§ **Exercise details**:
Go through the listing and set it down exactly, leaving out its pictures.
++++++++
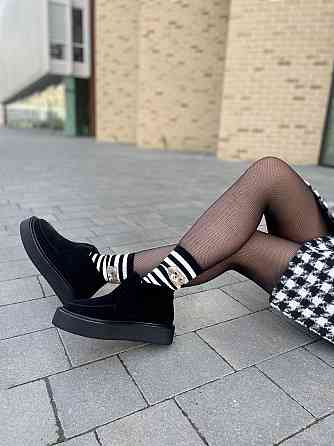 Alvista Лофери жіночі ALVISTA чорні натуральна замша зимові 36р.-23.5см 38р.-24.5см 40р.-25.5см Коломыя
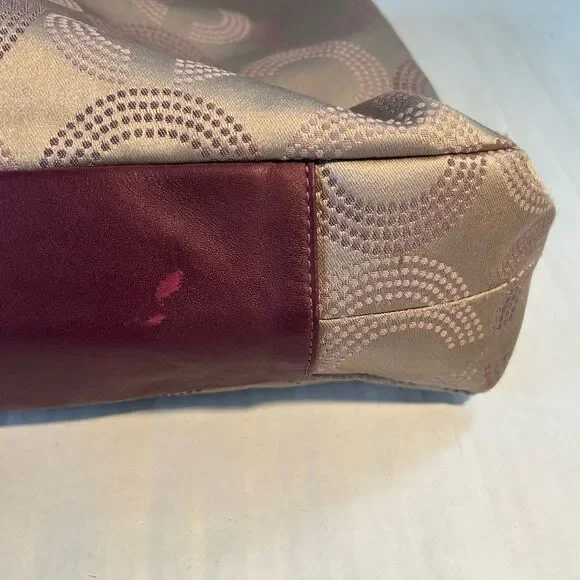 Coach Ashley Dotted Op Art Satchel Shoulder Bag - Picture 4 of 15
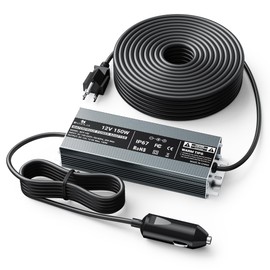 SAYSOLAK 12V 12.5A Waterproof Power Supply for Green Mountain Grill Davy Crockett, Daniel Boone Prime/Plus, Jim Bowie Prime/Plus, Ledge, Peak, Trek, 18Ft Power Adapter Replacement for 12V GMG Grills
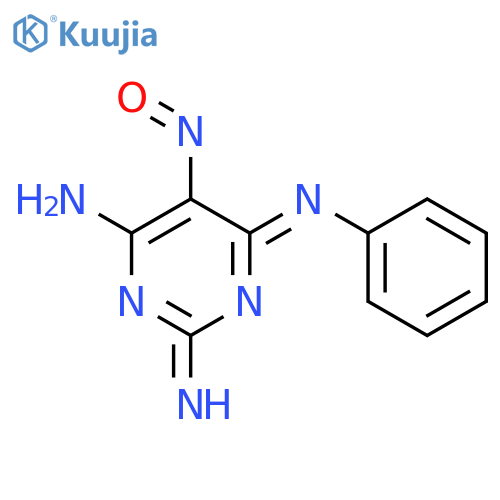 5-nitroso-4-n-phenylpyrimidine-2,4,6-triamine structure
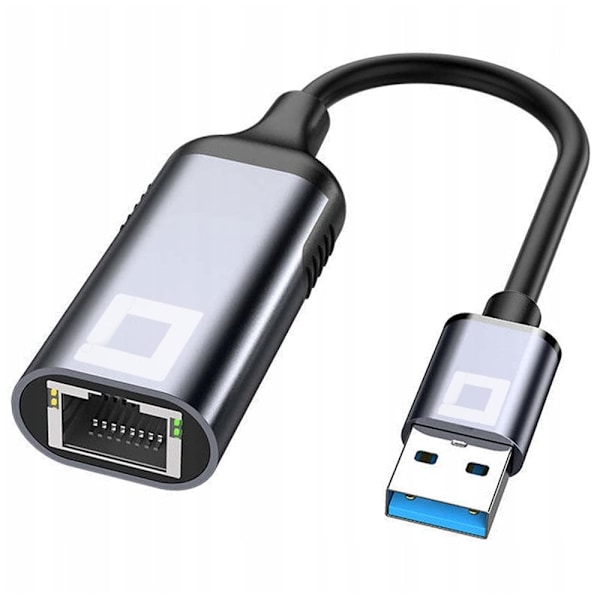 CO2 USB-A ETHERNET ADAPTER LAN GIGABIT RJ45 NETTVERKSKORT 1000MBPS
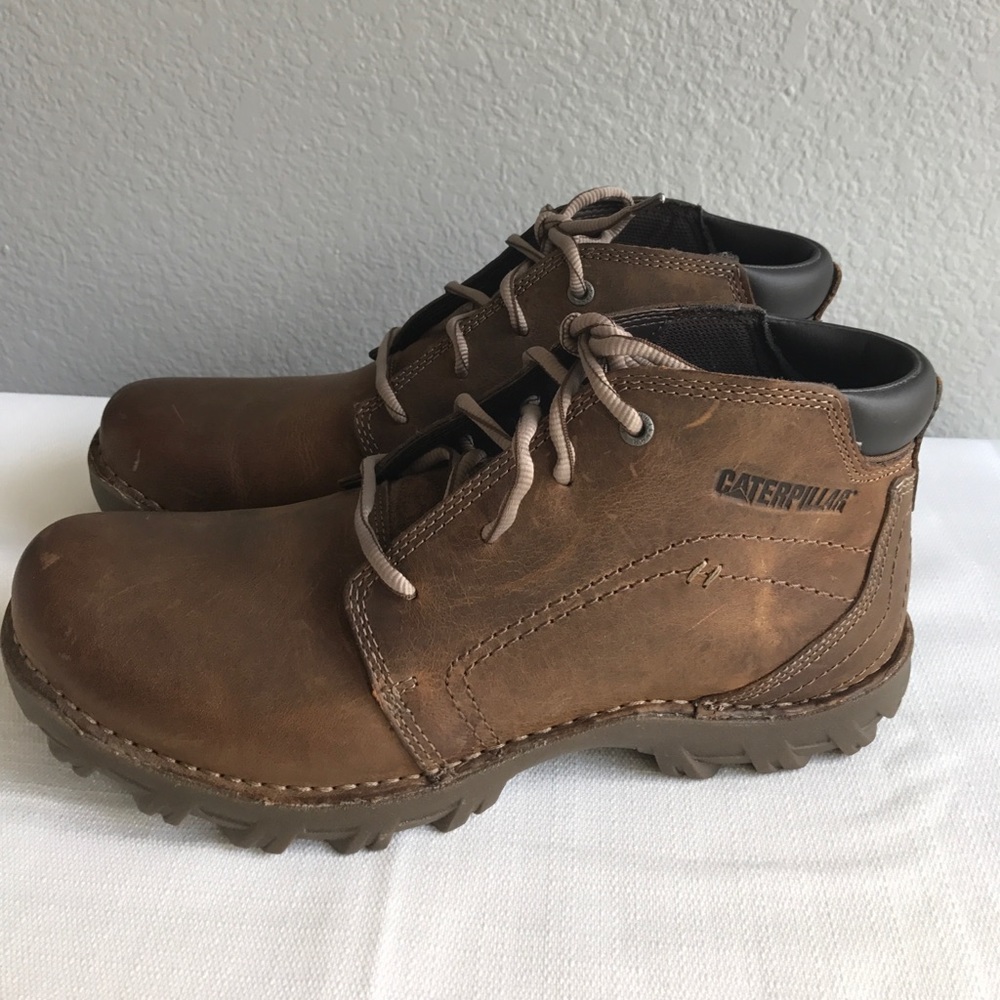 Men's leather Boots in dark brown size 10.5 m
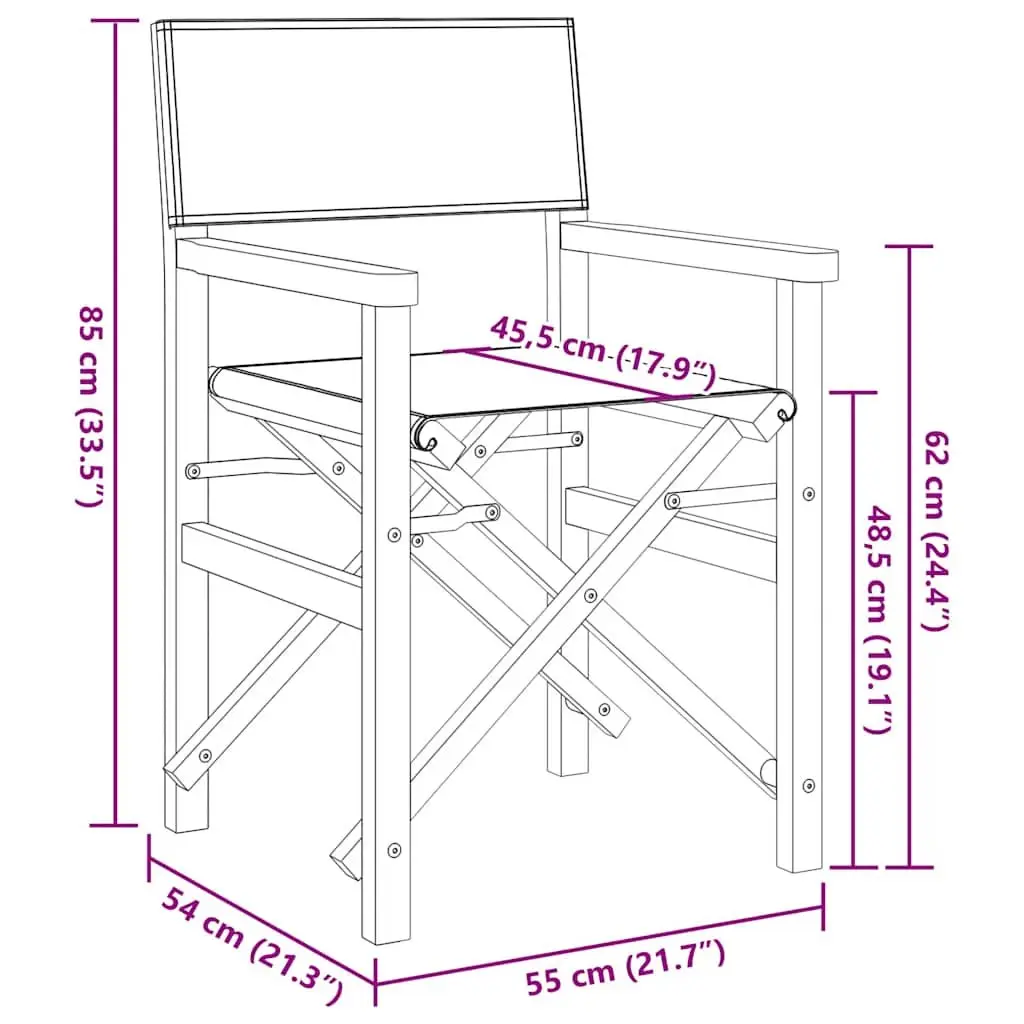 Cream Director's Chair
++++++++
§ **Written answer**:
 Alvista Лофери жіночі ALVISTA чорні натуральна замша зимові 36р.-23.5см 38р.-24.5см 40р.-25.5см Коломыя
 Coach Ashley Dotted Op Art Satchel Shoulder Bag - Picture 4 of 15
 SAYSOLAK 12V 12.5A Waterproof Power Supply for Green Mountain Grill Davy Crockett, Daniel Boone Prime/Plus, Jim Bowie Prime/Plus, Ledge, Peak, Trek, 18Ft Power Adapter Replacement for 12V GMG Grills
 5-nitroso-4-n-phenylpyrimidine-2,4,6-triamine structure
 CO2 USB-A ETHERNET ADAPTER LAN GIGABIT RJ45 NETTVERKSKORT 1000MBPS
 Men's leather Boots in dark brown size 10.5 m
 Cream Director's Chair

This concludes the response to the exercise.